The question of ratification quickly divided the people in the states. One group, known as the Federalists, favored the new Constitution. Many of the Founders were Federalists. Much of their support came from merchants and others in the cities and coastal regions. The other group, called the Anti-Federalists, opposed the new Constitution. Much of their support came from the inland farmers and laborers, who feared a strong national government. The Anti-Federalists criticized the Constitution for having been drafted in secret. They claimed the document was extralegal, not sanctioned by law, because the convention had the authority only to revise the old Articles of Confederation, not to form a new government. The Anti-Federalists further argued that the Constitution took important powers away from the states.

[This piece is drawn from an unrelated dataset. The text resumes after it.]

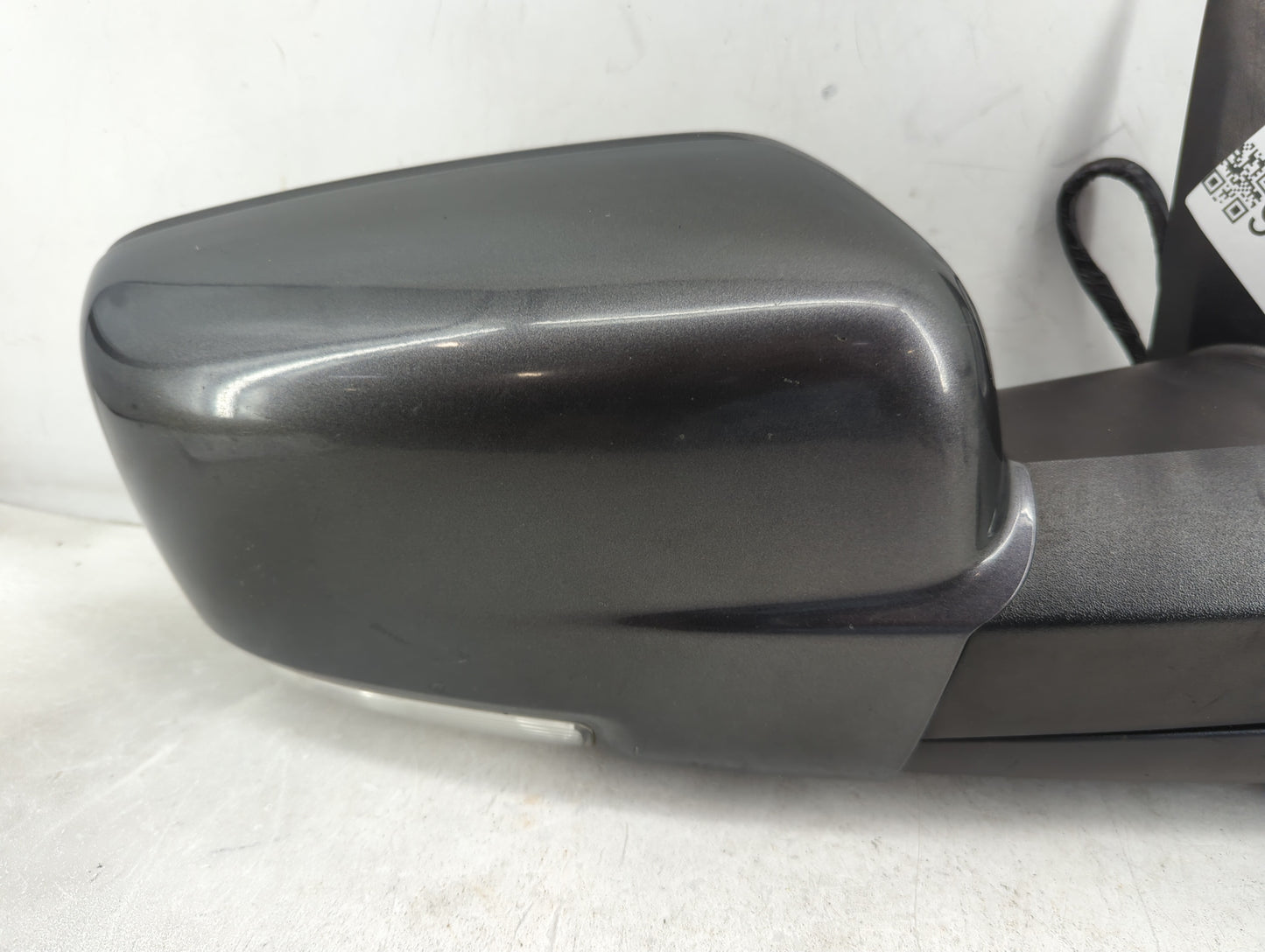 2014 Dodge Ram 1500 Passenger Side View Mirror - Right Door Mirror OEM Used - Oemusedautoparts1.com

The Anti-Federalists' strongest argument was that the Constitution lacked a bill of rights to protect citizens from their own government. The convention had, in fact, thought of adding a list of people's rights. In their talks, they reasoned that it was not necessary to have a bill of rights because the Constitution did not give the government the power to violate the rights of the people.

This reasoning was not good enough for the Anti-Federalists. They warned that without a bill of rights, a strong national government might take away the rights that were won in the Revolution. They demanded that the new Constitution clearly guarantee citizens' freedoms. One of the strongest opponents of the Constitution was Patrick Henry, the passionate delegate from Virginia. He insisted that rights not clearly given to the people could be taken away from them by rulers.

The Federalists claimed that only a strong national government could protect the nation from foreign enemies and solve the country's problems. The Federalists also pointed out that eight of the states already had a bill of rights in their state constitution. In the end, the Federalists promised to add a bill of rights as the first order of business when the new government met.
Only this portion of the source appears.